En préambule, il explique au lecteur comment lire ce texte :
« Les textes anciens de l’Inde pensent souvent d’une manière différente de la nôtre. Ils présentent leur réflexion sous forme de cercles concentriques, et non sous la forme d’un fil de pensée unique et linéaire, comme souvent en Occident. L’essentiel est dit au début, puis on revient par couches successives pour aller dans le détail et les précisions. L’erreur occidentale consiste à vouloir à tout prix comprendre immédiatement ce qui est dit dans une phrase, alors que cela sera expliqué plus tard. »
Remarquons que cela n’est pas spécifique à la pensée indienne mais se retrouve dans des textes traditionnels de nombreuses cultures, y compris occidentales. Laurent Jouvet, très conscient des enjeux de l’interprétation de textes dont nous sommes séparés par plusieurs siècles, invite le lecteur à lire ce texte « comme le miroir de sa propre expérience » et distingue deux grands cycles dans le texte, l’un ayant pour finalité le bonheur, l’autre, la libération.
Il voit dans ce texte, en fait hétérogène par la pluralité de ses sources, une « cartographie de l’âme » permettant de se libérer du mal-être comme de l’illusion. C’est une suite de petits traités dont l’ensemble fait cohérence. Les thèmes abordés sont classiques : transmigration, causalité, connaissance, espace, arrêt des phénomènes mentaux… jusqu’au traité final sur la libération. Nous ne trouvons pas dans ce texte une grande métaphysique qui expliquerait le tout et le jeu des parties, mais une pragmatique qui permet de se libérer des phénomènes mentaux. Laurent Jouvet parle avec justesse de « miel pour la pratique » : « Plus qu’une pratique qui peut être très variée, il s’agit du regard intérieur que je porte sur mon fonctionnement mental ». Ce « miel » concerne « la relation corps-esprit », « l’état des lieux mentaux », « la confusion conscience-esprit », la libération » bien sûr et « le processus ».
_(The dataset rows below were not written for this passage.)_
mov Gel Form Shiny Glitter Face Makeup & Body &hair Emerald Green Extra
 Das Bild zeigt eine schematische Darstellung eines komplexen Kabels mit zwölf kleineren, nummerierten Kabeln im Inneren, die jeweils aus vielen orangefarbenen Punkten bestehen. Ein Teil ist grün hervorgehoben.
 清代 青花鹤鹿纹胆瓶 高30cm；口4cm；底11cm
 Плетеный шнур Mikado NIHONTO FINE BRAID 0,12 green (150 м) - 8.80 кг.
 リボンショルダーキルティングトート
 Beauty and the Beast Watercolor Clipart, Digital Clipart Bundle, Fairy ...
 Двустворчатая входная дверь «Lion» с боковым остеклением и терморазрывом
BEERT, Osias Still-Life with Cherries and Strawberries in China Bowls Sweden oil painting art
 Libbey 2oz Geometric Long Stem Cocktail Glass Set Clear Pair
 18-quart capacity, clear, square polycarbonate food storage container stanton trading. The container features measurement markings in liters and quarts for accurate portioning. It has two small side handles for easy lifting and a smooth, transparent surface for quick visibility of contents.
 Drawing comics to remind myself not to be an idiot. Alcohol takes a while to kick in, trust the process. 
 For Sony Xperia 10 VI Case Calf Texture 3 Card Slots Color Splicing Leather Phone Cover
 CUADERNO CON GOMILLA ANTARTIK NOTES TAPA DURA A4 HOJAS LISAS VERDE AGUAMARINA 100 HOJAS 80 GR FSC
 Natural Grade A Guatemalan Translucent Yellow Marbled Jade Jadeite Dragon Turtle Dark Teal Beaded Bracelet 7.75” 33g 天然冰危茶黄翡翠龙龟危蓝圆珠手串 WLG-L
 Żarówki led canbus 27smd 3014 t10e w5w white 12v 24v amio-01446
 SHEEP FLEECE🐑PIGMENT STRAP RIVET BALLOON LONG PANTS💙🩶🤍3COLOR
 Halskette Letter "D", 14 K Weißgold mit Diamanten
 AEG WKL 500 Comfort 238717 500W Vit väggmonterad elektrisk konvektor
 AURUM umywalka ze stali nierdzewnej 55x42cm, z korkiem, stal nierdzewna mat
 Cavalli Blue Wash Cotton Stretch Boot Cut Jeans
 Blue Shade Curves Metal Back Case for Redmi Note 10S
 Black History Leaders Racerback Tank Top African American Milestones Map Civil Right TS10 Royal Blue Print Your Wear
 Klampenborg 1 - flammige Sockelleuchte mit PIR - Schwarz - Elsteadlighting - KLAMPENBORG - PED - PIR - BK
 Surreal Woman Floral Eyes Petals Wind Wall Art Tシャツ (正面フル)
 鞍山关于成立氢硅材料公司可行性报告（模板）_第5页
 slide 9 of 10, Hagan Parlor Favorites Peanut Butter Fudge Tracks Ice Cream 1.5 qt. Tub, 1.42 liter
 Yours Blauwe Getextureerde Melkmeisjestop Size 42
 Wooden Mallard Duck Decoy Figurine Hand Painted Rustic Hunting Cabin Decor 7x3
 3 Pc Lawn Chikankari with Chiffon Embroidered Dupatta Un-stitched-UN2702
« La conscience étant devenue consciente du fait qu’elle existe indépendamment des phénomènes mentaux, les phénomènes se résorbent dans leur source.
En fait, c’est l’état du mental non encore manifesté qui est libre de phénomènes. Sans phénomènes mentaux, mon esprit est dans l’état primordial, libre de toute pensée et de toute représentation. »
Laurent Jouvet réussit à nous conduire avec beaucoup de liberté et de simplicité dans la pédagogie de ce texte fondamental.